WAW was co-founded by Sunita Viswanath, who was also chair of the board for some time. [2]
Viswanath co-wrote an open letter [3] to the board in April 2022, after her resignation.
This section possibly contains original research .(April 2014) |
The centre teaches men and women about respecting women's rights which are in tandem with basic human rights. WAW have in place an outreach and awareness program whereby people of Afghanistan can attend, to learn more about the less harsh version of Islam than what they have been previously taught by ultraconservative individuals who may have malicious intents or by men who are chauvinists by nature. WAW sends staff out to reach out to the elusive women who are in abusive relationships and are afraid to seek help. WAW also reaches out to the community by visiting schools and police stations, with the hope to encourage Afghans to attend the awareness centre. To date,[ when? ] the centre has successfully educated thousands of Afghans including imams (religious leaders) and law enforcement officials with regards to women's right in the context of Islamic law. Their biggest mission is to offer security and liberty for the women in Afghan. Another goal for them is to encourage them to inflate their self-esteem, and also to participate in all area of life: social, economic, and politics. "Our work is strengthened by our commitment to diversity. Their board and staff consists men and women and a diverse representation of age, religion, ethnicity and sexual orientation". [4]
WAW has opened eight family guidance centres (FGC). A facility opened to both men and women who had their human rights violated, including domestic violence, sexual and mental violence, forced and underage marriage, being exchanged as compensation for a crime, honor killings, and being denied education. It is a walk-in centre, though most clients are referred by government ministries, the police, the Independent Human Rights Commission, or other NGOs.
For cases that bring physical danger to the women, including risk of physical violence and death, they are sent to one of the seven women's shelters. Women in the shelters are provided with training in literacy skills and vocational classes, as well as given sessions with their counsellors and/or lawyers, and their families. When these counselling sessions do not help in resolving their problem, WAW offers legal services on behalf of these women to file for divorce. [5] Their children enter WAW's kindergartens, where they are given basic education.

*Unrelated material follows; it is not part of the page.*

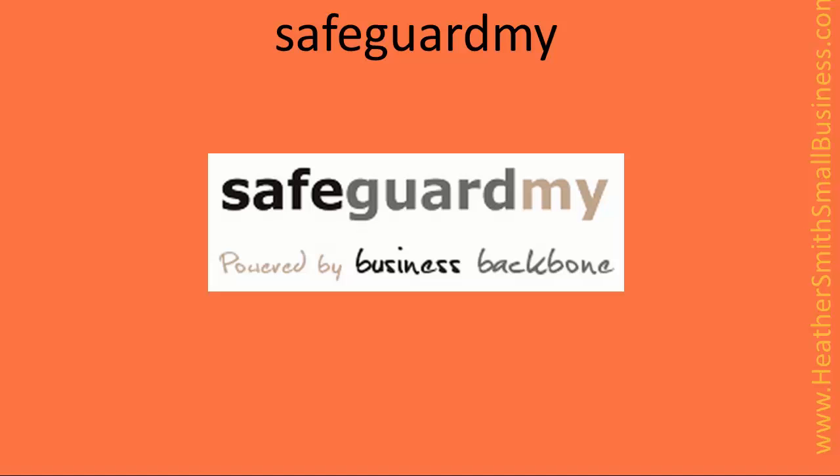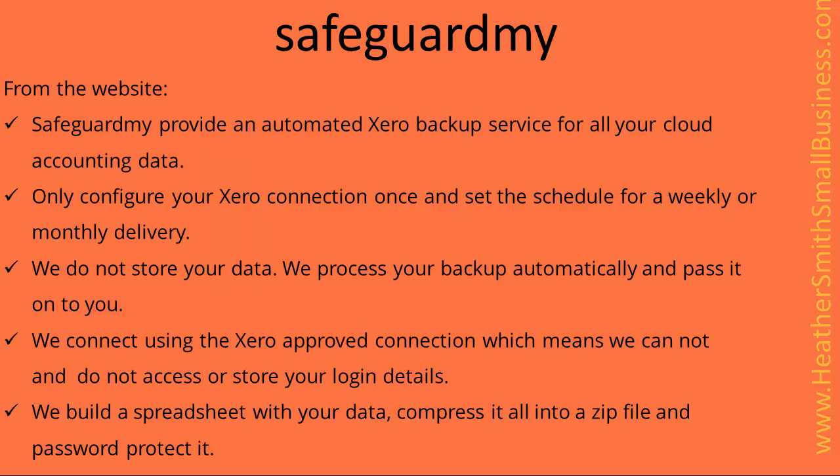The second Xero add-on I'm going to mention is Safeguard My. This is the information extracted from the website. Safeguard My provides an automated Xero backup service for all your cloud accounting data. Only configure your Xero connection once and set up the schedule for weekly or monthly delivery. They do not store data. They process your backup automatically and pass it on to you. They connect using the Xero approved connection, so they do not access your login details either. It builds a spreadsheet with your data and compresses it into a zip file and password protects it.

Women in Afghanistan have built houses for women as shelters in most of the provinces in Afghanistan such as in Kabul, Kapisa, Mazar-e-Sharif, Kunduz, Faryab, and Saripul. [6] The vision of the organization is to enhance the potential individuality of women, [7] self-determination, participating in the social activities such as politics, cultural reforms, social development, economic, and marketing. The organization challenges the norms those undermine woman's rights and violate their freedom. The organization's work encapsulates religion and cultural context in order to accomplish its mission. One of the main goals of the organization is to establish a shelter for women in every province in the country and they are almost well into their way. The organization is mainly worried about the presence of the foreign troops in the country, which increases the Taliban violence. Women in this organization's shelter take literacy classes in order to enhance their reading and writing abilities. In addition, women in the program stay in the program between two weeks and two years, but sometimes some women stay in the program for a prolonged time due to their need of help. Children enter the organization's kindergarten to learn reading, writing, doing art, sing songs, and playing games. Due to the presence of the organization's shelter, it is possible that those kids will have a better future. Women for Afghan Women uses the Bill of Afghan women in order to implement women's right and meets the needs of woman in Afghanistan. [8] The Bill of Rights was signed by the president of Afghanistan Hamid Karzai and it was handed to all women who participated the third annual conference of the organization.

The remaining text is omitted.